Dans le bassin méditerranéen, les activités pastorales extensives, très souvent fondées sur la mobi lité des troupeaux, constituent des cultures millénaires que la modernisation du secteur n’a pas fait disparaître. Une activité fondamentale de ces cultures est la transhumance, par laquelle les troupeaux, conduits par des bergers, traversent des terres à la recherche d’herbe fraîche et d’eau. Les bergers ont ainsi dans les mains une culture technique toujours vivante, qui correspond bien aux attentes de la société en matière d’agriculture respectueuse. Bien que les savoirs et savoir-faire pastoraux aient été modernisés et que les bergers aient la possibilité de se former dans des écoles spécialisées, des menaces pèsent sur la transhumance du bassin, dont les pâturages sont souvent des « biens communs » soumis à la mise en culture ou à la construction d’habitats. Pour cela, les pays de la région doivent considérer la transhumance comme une pratique millénaire fondamentale pour la tradition culturelle, l’économie et le respect environnemental.

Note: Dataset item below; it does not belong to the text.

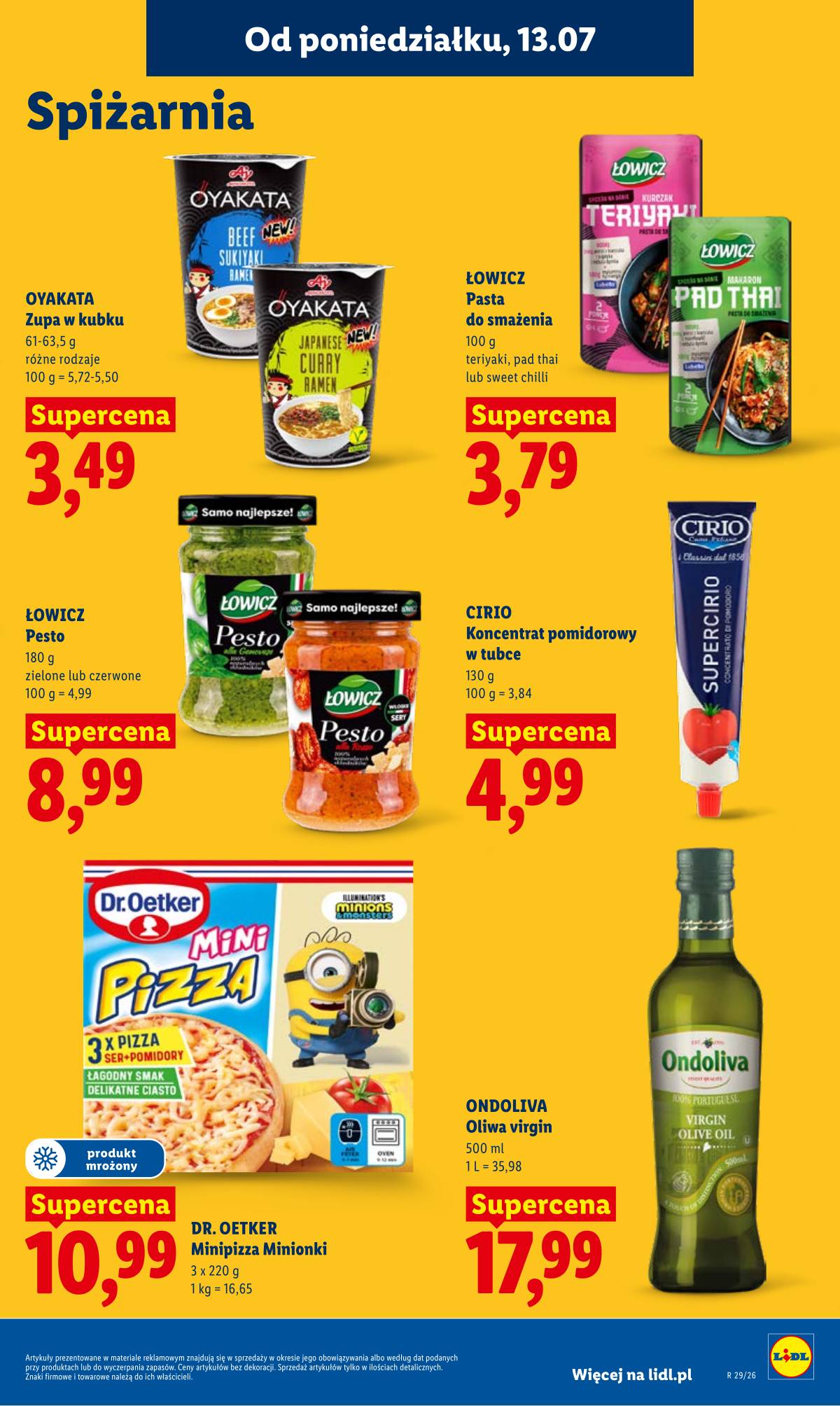 Lidl Lenkija - Gazetka ważna od 13.07 do 15.07 89 puslapis
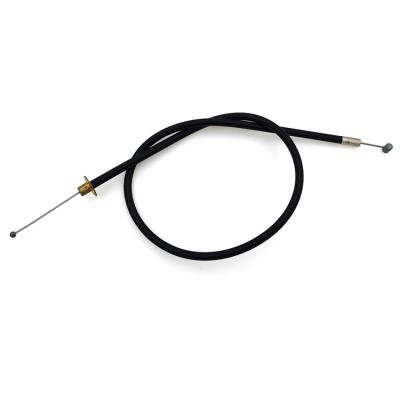 China Factory Made Motorcycle Part PVC Outer Casing Brake Cable Stainless Brake Cable for sale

Le voyageur qui se déplace dans les pays méditerranéens, au Nord comme au Sud, et qui cherche à en connaître les cultures, est frappé par l’importance des activités pastorales extensives, très souvent fondées sur la mobilité des troupeaux. De nombreux ethnologues et géographes ont étudié, et étudient encore aujourd’hui, ce pastoralisme mobile, qu’il s’agisse de transhumance ou de nomadisme.
Même si les espèces et races animales domestiques qui composent ces troupeaux sont d’une grande diversité, les enquêtes montrent que, sur les deux rives de la Méditerranée, les hommes — et les femmes — qui les élèvent et les conduisent possèdent les mêmes savoirs et partagent les mêmes pratiques. La modernisation actuelle de ce secteur professionnel n’a pas fait disparaître ces cultures pastorales plurimillénaires. Le mouton, animal sacrificiel par excellence , est l’espèce la plus présente. C’est à l’est du bassin méditerranéen, au nord de l’Irak, que les archéologues ont trouvé les premiers restes de la domestication du mouton, datés entre 8 000 et 8 500 avant Jésus-Christ.
Diversité des formes de pastoralisme mobile
Transhumer – du latin trans (au-delà) et humus (la terre) – c’est traverser des terres, parfois même des frontières, à la recherche d’herbe fraîche et d’eau pour les troupeaux, activité primordiale quand on vit dans une région qui connaît une période d’aridité.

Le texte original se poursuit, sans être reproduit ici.